The story of the pollution of Flint, Michigan’s water supply continues its miserable slog towards being one of the gravest scandals involving official misconduct in American history. The Washington Post reports that four more officials face felony charges in the matter:
Michigan Attorney General Bill Schuette filed another round of criminal charges Tuesday in the ongoing water crisis in Flint, the latest action in a nearly year-long investigation to hold accountable those responsible for a disaster that exposed thousands of children to dangerously high lead levels.
Schuette announced felony charges against four people, including two former state-appointed emergency managers who oversaw a disastrous switch of the city’s drinking water source to the Flint River. Darnell Earley, whom Gov. Rick Snyder (R) put in charge of the city’s finances from late 2013 through early 2015, and Gerald Ambrose, who held the emergency manager position through April 2015, could face decades in prison.
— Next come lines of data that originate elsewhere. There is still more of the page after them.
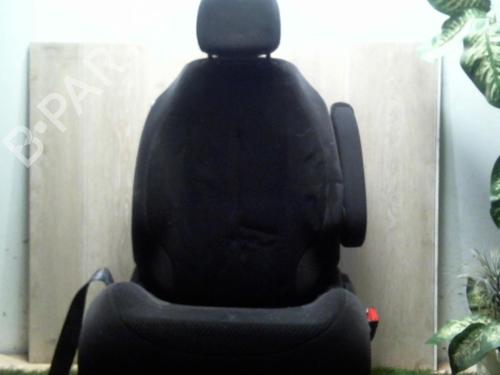 Right front seat CITROËN C4 Grand Picasso I (UA_) 1.6 HDi | BP31223913C16
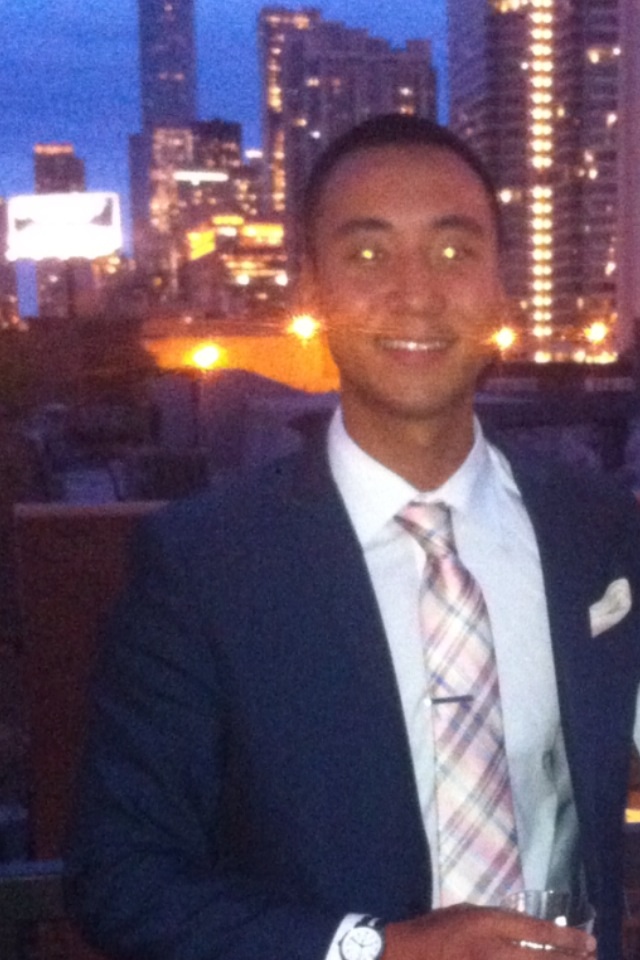 John Kim photo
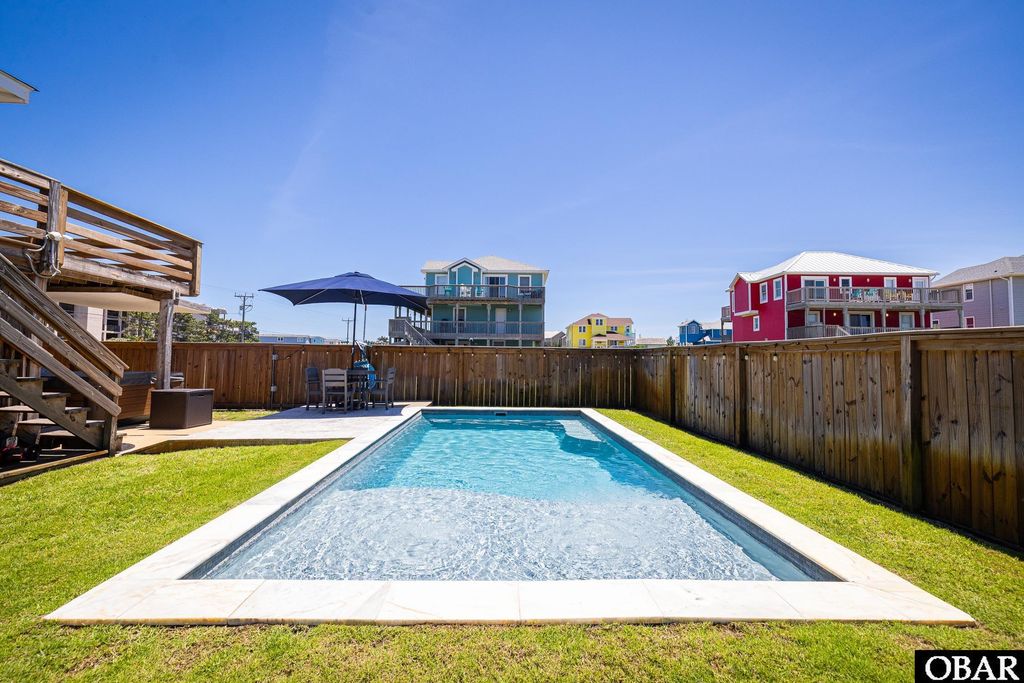 Image 38 of property listing at 103 E West Hawks Nest Court Lot 1, Nags Head, NC 27959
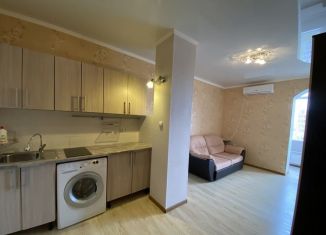 Продается квартира студия, 23 м2, село Супсех, улица Жолоба, 2/59Б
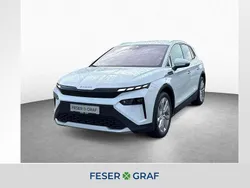 Other Gebraucht 2025 Skoda Elroq SUV | 44.900 € (Fairer Preis)
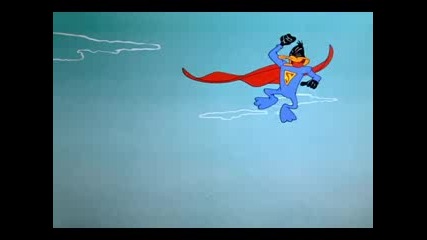 Daffy Duck - Stupor Duck 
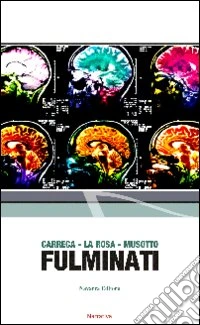 Fulminati libro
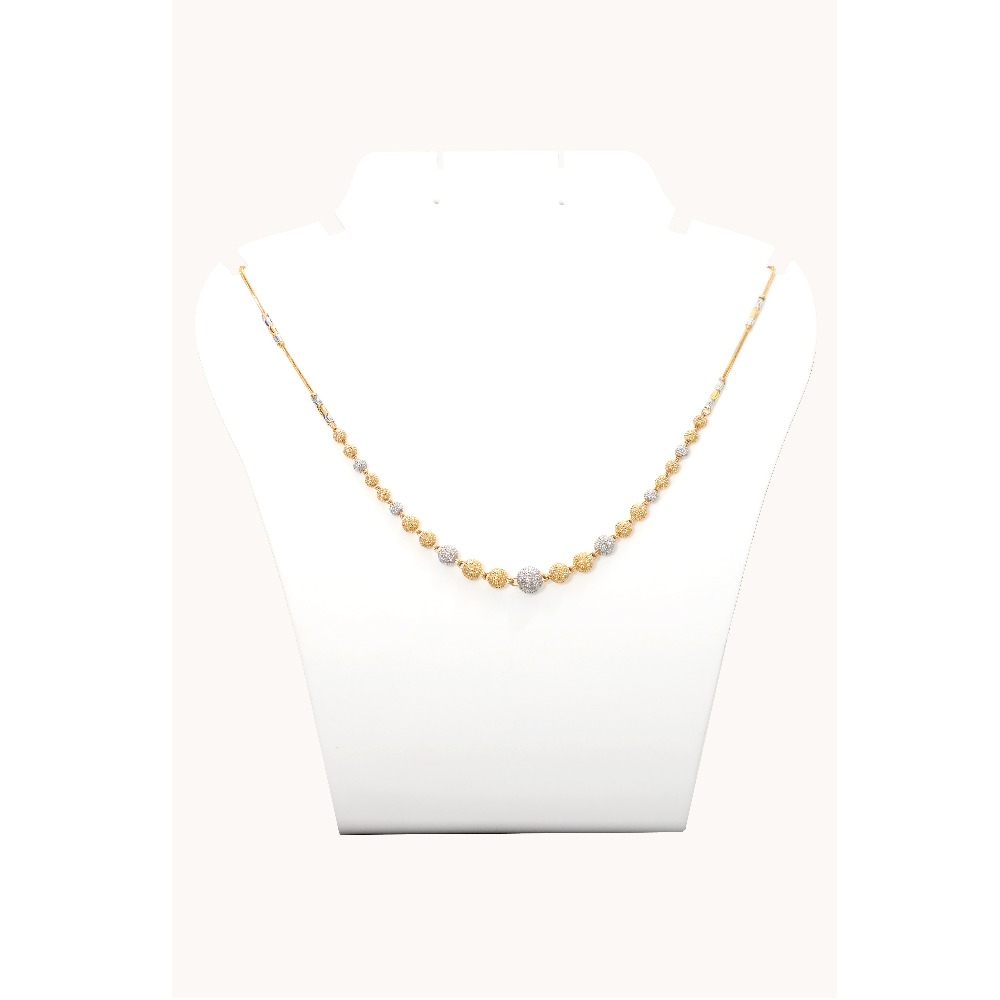 916 Gold Attractive Dokiya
Prosecutors allege that the emergency managers conspired with two Flint employees, public works Superintendent Howard Croft and utilities Administrator Daugherty Johnson, to enter into a contract under false pretenses that bound the city to use the river for its drinking water, even though the local water plant was in no condition to properly deliver safe water to residents.
As I began researching this post, I started looking into the history of American political scandals and was appalled at how many sex scandals of little actual lasting significance made the lists of major scandals. In addition to the Flint, Michigan affair here are some of the incidents that I consider the gravest examples of scandal and corruption in American history:
Teapot Dome
In the Teapot Dome bribery scandal which unfolded in 1921 and 1922 the Secretary of the Interior was convicted of taking a bribe relating to government leases in Wyoming.
Crédit Mobilier
A dozen or more Congressmen were implicated in this 1867 railroad bribery case.
Whiskey Ring
110 convictions were made in this case of diversion of tax revenues. That both the Crédit Mobilier and Whiskey Ring scandals took place during Grant’s term of office made his the most scandal-plagued in American history and that was not lost on people at the time.
Operation Greylord
93 people were indicted including 17 judges, 15 of whom were convicted, as a consequence of this investigation of official misconduct and bribery in the Cook County, Illinois judicial system in the 1980s.
Iran-Contra
More than a dozen top Reagan Administration officials were either indicted or received immunity for their testimony in this complicated case of official corruption involving sales of arms to Iran and shuffling the proceeds to aid the U. S.-backed rebels in Nicaragua.
I’m accepting nominations for the greatest examples of official misconduct in U. S. history. To qualify the nominees should not be offenses of a primarily political nature or be sex scandals unless they involved more than a handful of individuals. Things that come to mind include the findings of the Knapp Commission. The New Orleans Police Department, of course, is in a class of its own.